It’s been days, but I’m still in shock about the text I got Tuesday.
“Dan Hart died of a heart attack last night,” read the short missive.
Hart, 66, was well-known in political circles. He came to town 30 years ago to help Jan Jones Blackhurst become the first female mayor of Las Vegas and worked on dozens of campaigns since.
Dan was a good source for journalists, always ready with a pithy quote or an insight about campaigns. He’d worked enough of them himself to know what he was talking about, from city council all the way up to statewide campaigns for governor and attorney general. Over the years, I’d interviewed him scores of times about everything from education and tax policy to politics.

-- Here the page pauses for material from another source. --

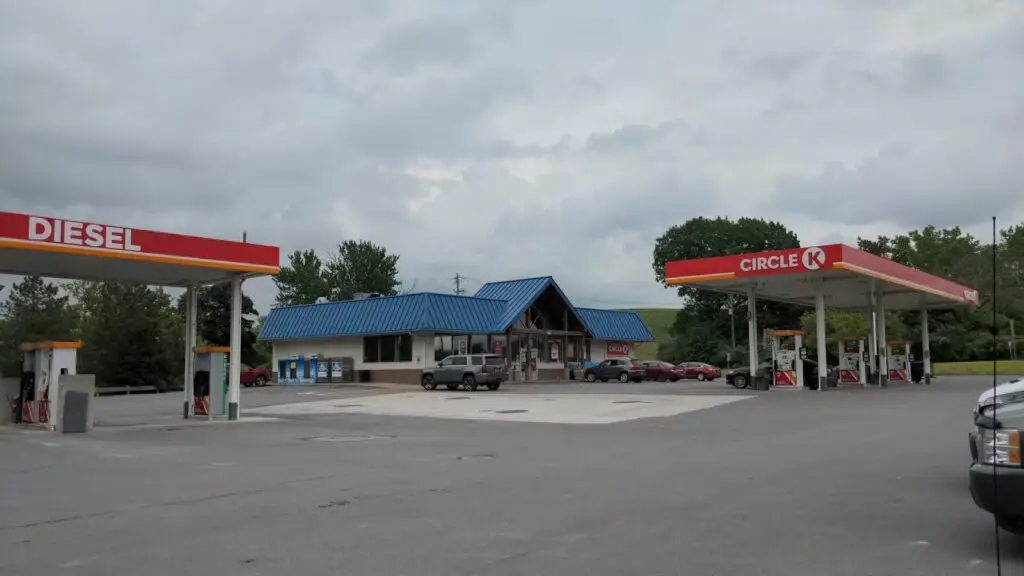 Circle K (formerly Nice N Easy Grocery Shoppes)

But Dan was more than just an operative and a source. He was also a friend. Over the years, he and I haunted many of Las Vegas best steakhouses, trading prime political gossip over prime beef and quality Scotch.

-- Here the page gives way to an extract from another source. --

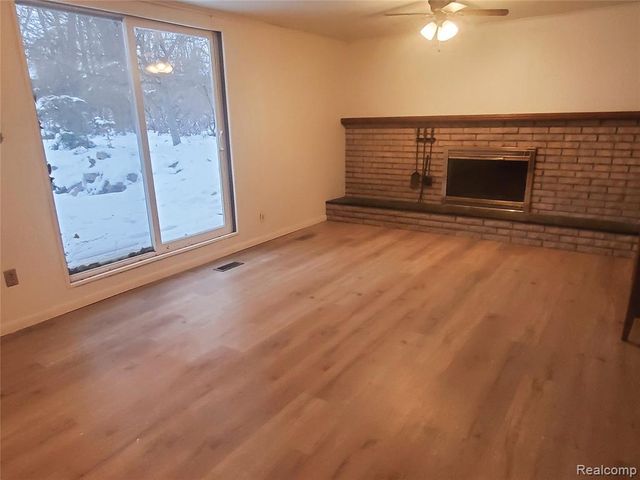 21105 Westfarm Court, Farmington Hills, MI 48167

It was those times I thought about after I got that text, and how I’d never get the chance to catch up with Hart about the most recent election, or the upcoming governor’s contest, or the current session of the Legislature. I’m going to miss those dinners very much.

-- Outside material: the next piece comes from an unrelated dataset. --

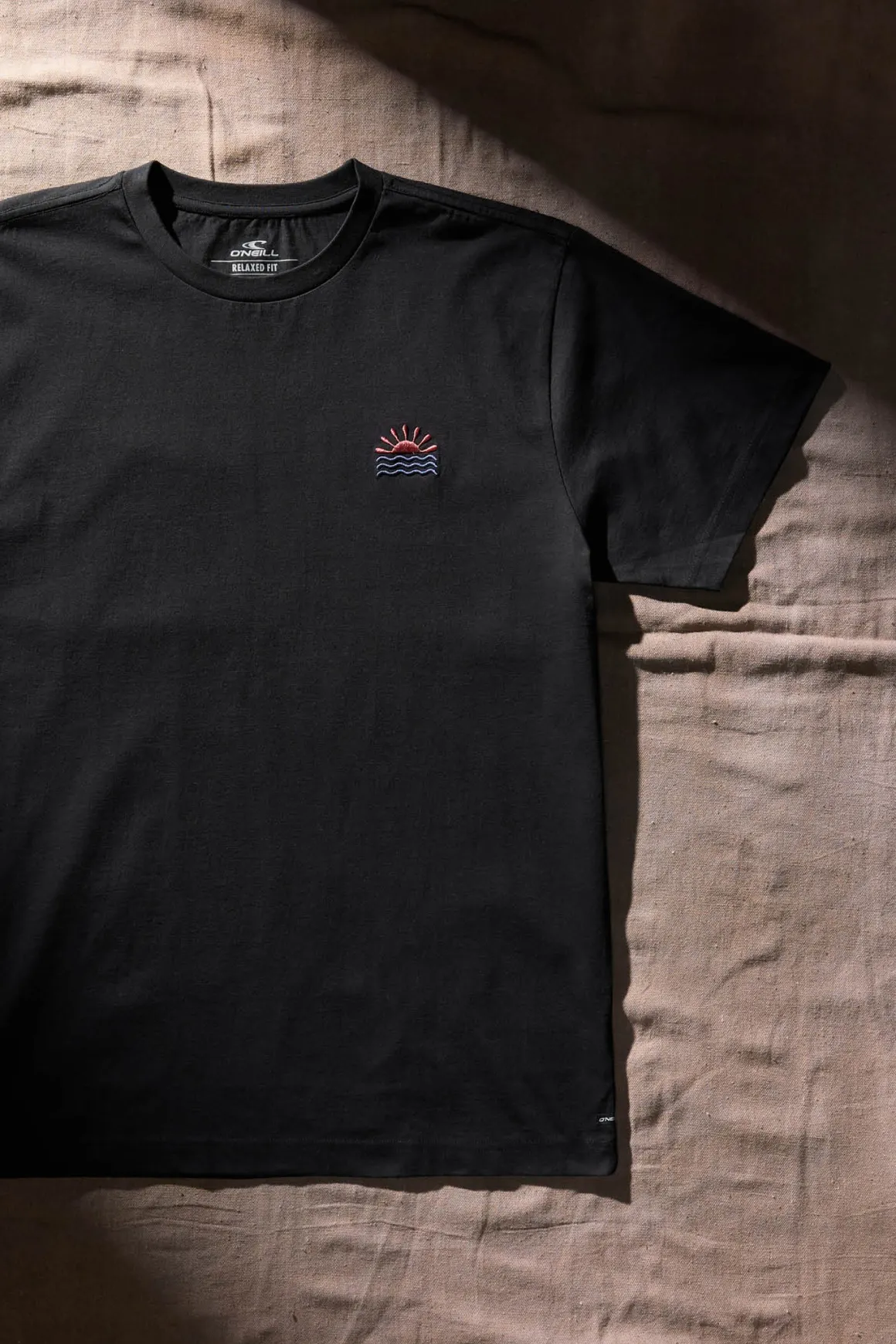 East Cliff Heavy Weight Tee - Black | O'Neill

One of things to know about Dan was his temperament: He was even-keeled and didn’t get upset or angry even when the inevitable turns of fate in politics went against him. He was a forceful and powerful advocate for his client, but he didn’t let things get to him.
In 2014, he was representing the Nevada State Education Association’s efforts to qualify a business margins tax known as The Education Initiative. The state’s business community was, understandably, fighting it with everything it could muster.
A study of the tax’s benefits was revised, lessening the estimated job creation estimates. A coalition of unions came out against the measure. But Dan was calm amidst the storm, realizing that in politics, there are no permanent friends, and no permanent enemies.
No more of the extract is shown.